Romantic love has existed throughout history in many cultures. We find it in the literature of ancient Greece, the Roman empire, ancient Persia, and feudal Japan. But our modern Western society is the only culture in history that has experienced romantic love as a mass phenomenon. We are the only society that makes romance the basis of our marriages and love relationships and the cultural ideal of “true love”.
One of the greatest paradoxes in romantic love is that it never produces human relationships as long as it stays romantic. It produces drama, daring adventures, wondrous, intense love scenes, jealousies, and betrayal; but people never seem to settle into relationship with each other as flesh-and-blood human beings until they are out of the romantic love stage, until they love each other instead of “being in love”.
Romance, in its purest form, seeks only one thing – passion. It is willing to sacrifice everything else – every duty, obligation, relationship, or commitment – in order to have passion.
DIFFERENCE BETWEEN ROMANTIC LOVE AND TRUE LOVE
People become so wearied of the cycles and dead ends of romance that they begin to wonder if there is such a thing as “love”. There is. But sometimes we have to make profound changes of attitude before we can see what love is and make room for love in our lives. Love between human beings is one of the absolute realities of human nature.
Love is the one power that awakens the ego to the existence of something outside itself, outside its plans, outside its empire, outside its security. Thus love by its very nature the exact opposite of egocentricity. Love is utterly distinct from our ego’s desires and power plans. It leads in different direction: toward the goodness, the value, and the needs of the people around us. In its very essence, love is appreciation, a recognition of another’s value: It moves a man to honor a woman rather that use her, to ask himself how he might sere her. And if this woman is relation to him through love, she will take the same attitude toward him.
This is the main distinction between human love and romantic love: Romance must, by its very nature, deteriorate into egotism. For romance is not a love that is directed at another human being; the passion of romance is always directed at our own projections, our own expectation, our own fantasies. In a very real sense it is a love not of another person, but of oneself.
Romantic love can only last so long as a couple are “high” on one another, so long as the money lasts and the entertainments are exiting. True love is content to do things that ego is bored with. Love is wiling to work with the other person’s moods and unreasonabilites. Love is willing to fix breakfast and balance the checkbook. Human love sees another person as an individual and makes an individualized relationships to him or her. Romantic love sees the other person only as a role player in the drama.

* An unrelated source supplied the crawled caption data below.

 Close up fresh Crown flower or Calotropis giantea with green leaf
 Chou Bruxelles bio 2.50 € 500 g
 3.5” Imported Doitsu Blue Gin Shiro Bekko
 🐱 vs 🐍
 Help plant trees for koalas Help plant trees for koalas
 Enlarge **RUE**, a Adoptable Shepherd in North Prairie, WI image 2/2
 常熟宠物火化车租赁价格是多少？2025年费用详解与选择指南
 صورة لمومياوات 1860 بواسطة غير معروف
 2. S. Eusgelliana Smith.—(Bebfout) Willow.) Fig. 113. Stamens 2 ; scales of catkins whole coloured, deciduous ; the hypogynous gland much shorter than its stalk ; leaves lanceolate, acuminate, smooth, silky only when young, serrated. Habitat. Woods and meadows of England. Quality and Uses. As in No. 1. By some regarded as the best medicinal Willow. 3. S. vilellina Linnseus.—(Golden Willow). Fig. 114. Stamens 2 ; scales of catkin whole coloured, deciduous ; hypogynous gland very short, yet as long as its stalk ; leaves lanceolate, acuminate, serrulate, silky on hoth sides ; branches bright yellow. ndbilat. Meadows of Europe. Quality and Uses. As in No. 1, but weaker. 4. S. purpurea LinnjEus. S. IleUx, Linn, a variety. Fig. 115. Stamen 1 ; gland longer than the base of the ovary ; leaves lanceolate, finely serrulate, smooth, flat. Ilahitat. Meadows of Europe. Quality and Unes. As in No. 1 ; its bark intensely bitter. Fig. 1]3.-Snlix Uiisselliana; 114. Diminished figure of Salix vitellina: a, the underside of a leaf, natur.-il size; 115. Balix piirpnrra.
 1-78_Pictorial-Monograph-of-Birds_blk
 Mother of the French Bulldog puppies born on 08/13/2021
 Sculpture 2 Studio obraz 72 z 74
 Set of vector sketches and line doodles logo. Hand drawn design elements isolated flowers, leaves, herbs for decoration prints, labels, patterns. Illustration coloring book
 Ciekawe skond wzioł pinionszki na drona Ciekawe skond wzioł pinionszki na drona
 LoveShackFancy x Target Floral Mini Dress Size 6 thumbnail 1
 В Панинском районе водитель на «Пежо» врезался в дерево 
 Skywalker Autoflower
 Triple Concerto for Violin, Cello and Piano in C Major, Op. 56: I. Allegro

Human love necessarily includes friendship withing a relationship, between husband and wife. In romantic love there is no friendship. Romance and friendship are utterly opposed energies, natural enemies with completely opposing motives. Sometimes people say” I don’t want to be friends with my husband (or wife); it would take all the romance out of our marriage”. In one of the Hindu rites of marriage, the bride and groom make each other a solemn statement: “You will be my best friend.”
WHAT WE CAN DISCOVER
We can’t pretend that we have an Eastern psyche rather than a Western psyche. We have to deal with our own Western unconscious and our own Western wounds; we have to find the healing balm within our own Western soul. But we can learn that human relationship is inseparable from friendship and commitment. We can learn that the essence of love is not to use the other to make us happy but to serve and affirm the one we love.
And we can discover, to our surprise, that what we have needed more that anything was not so much to be loved, as to love.